Friday, September 14, 2007

Yet another reporter making cr*p up

Actually he was already caught once and now he has been caught again:

A former ABC News consultant fired last year because he couldn't authenticate academic credentials is at the center of a new dispute over apparently faked interviews with Barack Obama, Nancy Pelosi, Bill Gates and others.

...

Politique Internationale editor and political scientist Patrick Wajsman founded the magazine nearly 30 years ago. He called Debat "a grand liar" and said he had hired a lawyer to pursue "all possible measures" against him.

"We are the first victims. I am falling from the moon," he told The AP. "We were betrayed."

He noted that Debat worked for the journal for four years, starting after he was already working for ABC and the Nixon Center. "How could we possibly doubt someone who worked for ABC, who worked for the Nixon Center? How could we possibly doubt someone from several thousand kilometers away?" he asked.

source: AP


Maybe it's just me but I am thinking that if I had a reporter working for me who was just fired for making stuff up I might "possibly doubt" them.

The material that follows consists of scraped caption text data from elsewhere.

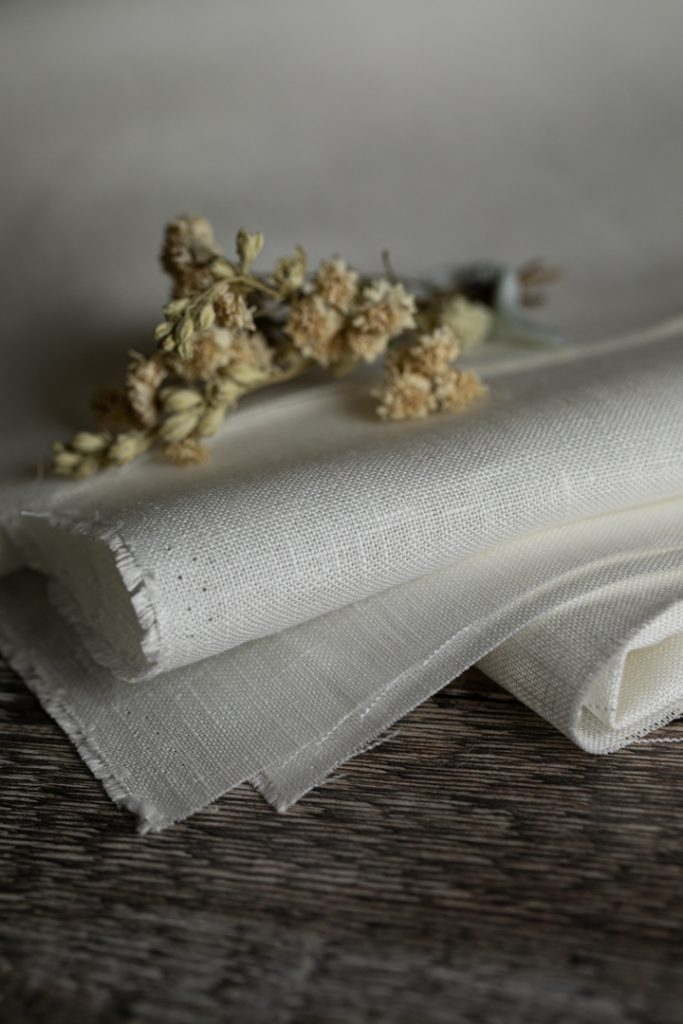 Ivory White Plain Irish Linen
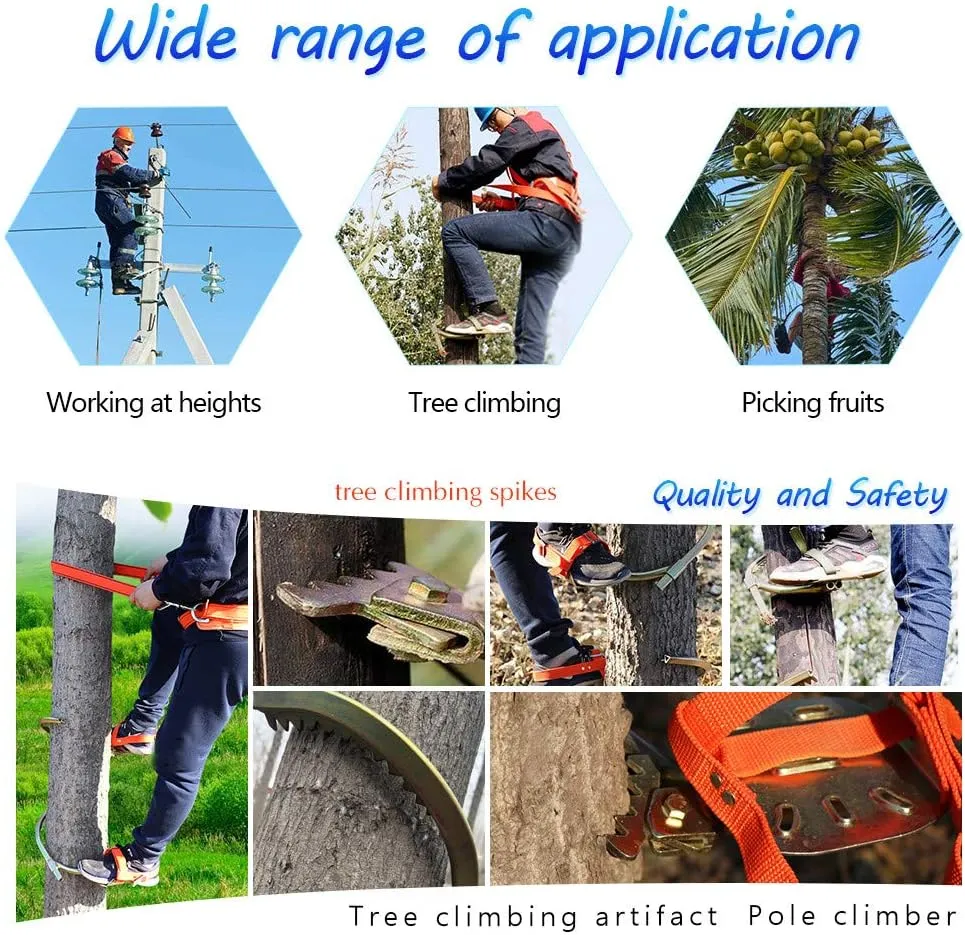 Pole Climbing Spikes, Tree Climbing Gear with Safe Belt, Adjustable Tree Climbing Spikes for Climbing Hunting Observation Picking Fruit,350model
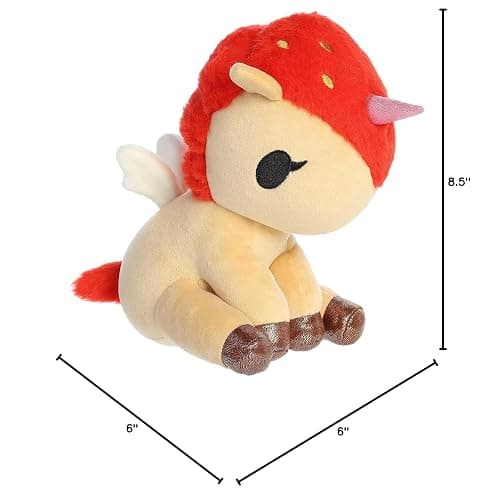 Aurora® Enchanting ©Tokidoki Delicious Unicorno Strawberry Stuffed Animal - Bright & Colorful Design - Showpiece Plush - Orange 8.5 Inches thumbnail 2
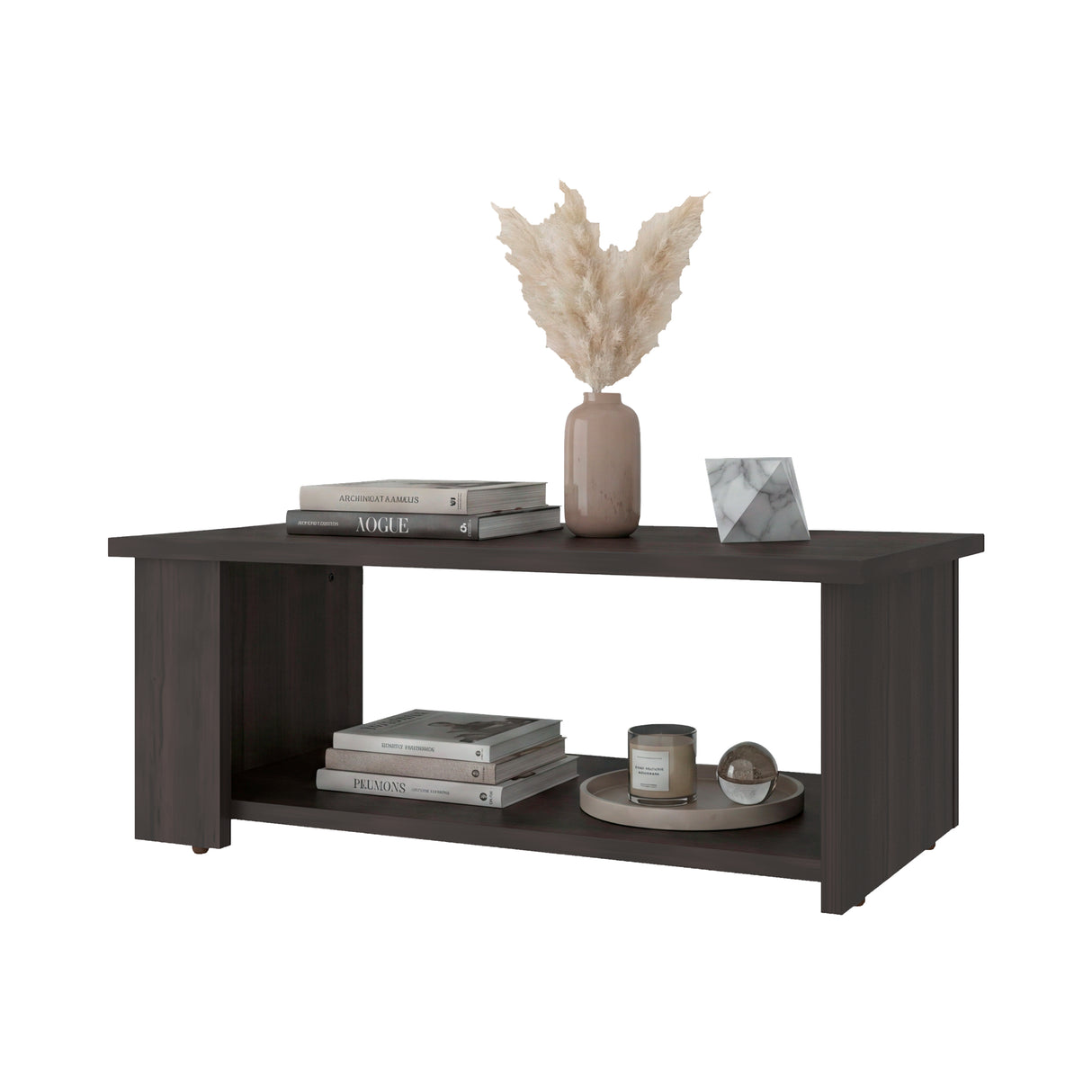 Mesa de Centro Dago Nogal 59.8x24cm Rectangular con Compartimiento
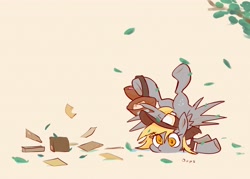 Size: 3062x2196 | Tagged: safe, artist:noupu, derpibooru import, derpy hooves, pegasus, pony, accident, colored pupils, crash, derp, derpy being derpy, face down ass up, female, hat, high res, hooves, leaves, letter, mailmare, mailmare hat, mailmare uniform, mare, simple background, solo, spread wings, tree, wings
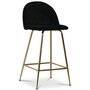 Art Velvet Barhocker - schwarzes Samt/ Messing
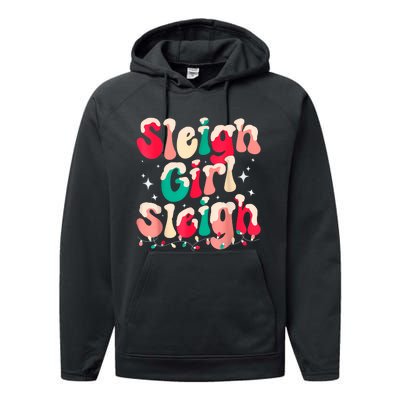 Sleigh Girl Sleigh Christmas Retro Xmas Holiday Performance Fleece Hoodie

The New York Times has more:

ABC News said yesterday that it would begin a second investigation into more than five years of news reports that relied on information from a consultant, Alexis Debat, who has been revealed to be the author of faked interviews.

...

ABC fired Mr. Debat in June after discovering that his claims of having earned a doctorate from the Sorbonne were false. The network then investigated the reports Mr. Debat had participated in and found “they absolutely checked out,” Mr. Ross said.


I wonder if they mean the same way the Scott Thomas Beauchamp reports checked out for "The New Republic"

But wait there's more:

Since his departure from ABC News in June, Mr. Debat has continued to work as a senior fellow for national security and terrorism at the Nixon Center in Washington. He was quoted as a knowledgeable source in an article in The Times of London this month, saying that American military forces were planning attacks that would demolish “the entire Iranian military.” He has also been quoted by many newspapers and news services.


So a major portion of the case that the Bush administration is getting ready to attack Iran is a known liar? Great!

I don't know what drives these people to do this stuff. Is it a desire for attention? I have trouble believing it is part of some Meta-Narrative but it does always seem to workout that way. Is that because the reporters who engage in this behavior are true believers or because they know that by playing into the editors biases they are more likeley to get published. Either way it's disturbing.

UpdateI should have done this first but I just checked Debat's wikipedia entry and this just gets better and better. Look at the credentials he has claimed for himself and look at the stories he has been involved in either as a source or as a reporter. It's like this guy is a one man disinformation agency.

More from Mother Jones

Interviews with journalists, think tank associates, and a former government official indicate that there were warning signs about Debat for years—even within the network itself. Two journalists familiar with Debat's work point to ABC chief investigative correspondent Brian Ross not only as the victim of Debat's alleged deceptions, but as an enabler, who has promoted sensational stories—including some that Debat brought the network—at the expense at times of rigorous journalism standards. (Ross did not return Mother Jones' phone call by press time, although an ABC executive has been in touch by phone and email.) They also say that they do not believe ABC has properly investigated Debat's reporting at all.

The two key questions to ask ABC, one source familiar with Ross' unit who asked to speak on background, are: "How is ABC investigating the information: Is it only being investigated by the Ross unit, or are outside reporters doing it? And in vetting or second-sourcing information brought to the network [by Debat], were resources outside of the Ross unit used?" Sources, and the AP reported late Thursday that ABC was sending long time Ross producer Rhonda Schwartz to Pakistan to investigate some of Debat's stories.

Overall, the picture of Debat that emerges from these interviews is of a smart, ambitious and cunning operator who would claim to be getting text messages from Middle Eastern intelligence operatives while at meetings with Ross and others at ABC, with tips that seemed too good to be true (which some colleagues believe were bogus), yet were used as "exclusives."

Sources provided multiple examples of stories that Ross—often with Debat's contributions—reported, only to be forced to run a correction the next day. For instance, one source noted, on September 5 last year, Ross reported that a Pakistani general had said that Pakistan would leave Osama bin Laden alone as long as he didn't cause any trouble. The Pakistani government angrily denied it, and the next day the ABC investigative unit's blog, the Blotter ran a correction.

Another ABC news story largely sourced to Debat – claiming that the U.S. government was advising and encouraging an Iranian Baluchi separatist group Jundullah which was carrying out attacks against the Iranian regime – was followed by an ABC report the next day carrying a "sharply-worded" denunciation from the Pakistani government.